朝飯を食っていると、唐突に「メラミ」を習得した。
やった!初めての攻撃呪文だ。
だいぶ前に覚えた「ザオリク」と合わせると二つの魔法が
使えるようになったことになる。
東京都でディーゼル車の規制が行われている事もあり、
近年は戦士化が進んでいるらしい。
しかも回復&攻撃を使い分けられる魔法使いは滅多に
いないぜ。友人から「君はまさか…賢者!?」と言われたが
オレのことは大魔道士と呼んでくれ。


せっかくメラミを覚えたので、街に出て試してみる事に。
少し歩いていると、空き地で焚き火をしている少年達に
出合った。なんでも焼き芋をつくりたいが落ち葉が湿って
いて火が付かないらしい。うむ、これこそオレが求むる
シチュエーションだ、魔法は人のために使わないとね。
右手に魔法力を集め、火の神の加護を授かる。
   「メラミィィィィ!!!」
巨大な火球が右手から放たれ、芋を焼き尽くす。
…ってあれ?芋は?少年達もどこいった?
この黒いススはなんだ?せっかくカッコいいとこ見せようと
思ってたのに。

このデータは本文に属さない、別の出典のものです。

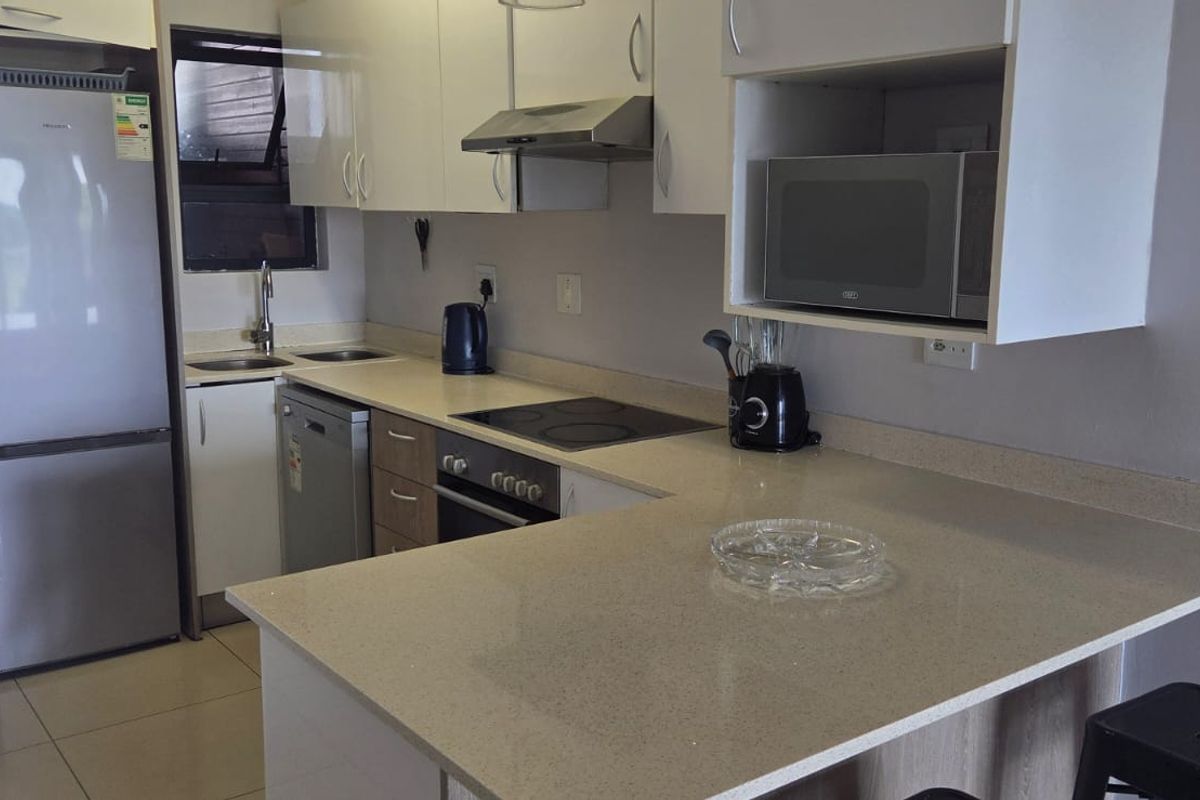 Modern kitchen featuring sleek white cabinetry, stone countertops, integrated appliances, and a breakfast bar, seamlessly connected to an outdoor balcony area.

まぁいいや次行こう次。


また歩いて行くと、友人の野口と出合った。
野口と隣に女性がいる、誰だろう。
「おー野口、何してるの?」と声を掛ける。
すると「あっタキノか!いい所に来た、知恵を貸してくれ。
オレ、彼女と結婚したくてプロポーズしたんだ。
そしたら彼女、『私のハートを燃え上がらせるような台詞で
プロポーズしてくれたら結婚するわ!』って、でもオレ
そんな気の利いた言葉思いつかないよ…」
と泣きついてきた。 
「言葉なんか必要ないよ、俺が彼女のハートを
燃え上がらせてやる! まぁハート以外も燃え上がるかも
知れないけど…」オレはそう言って、メラミを放った。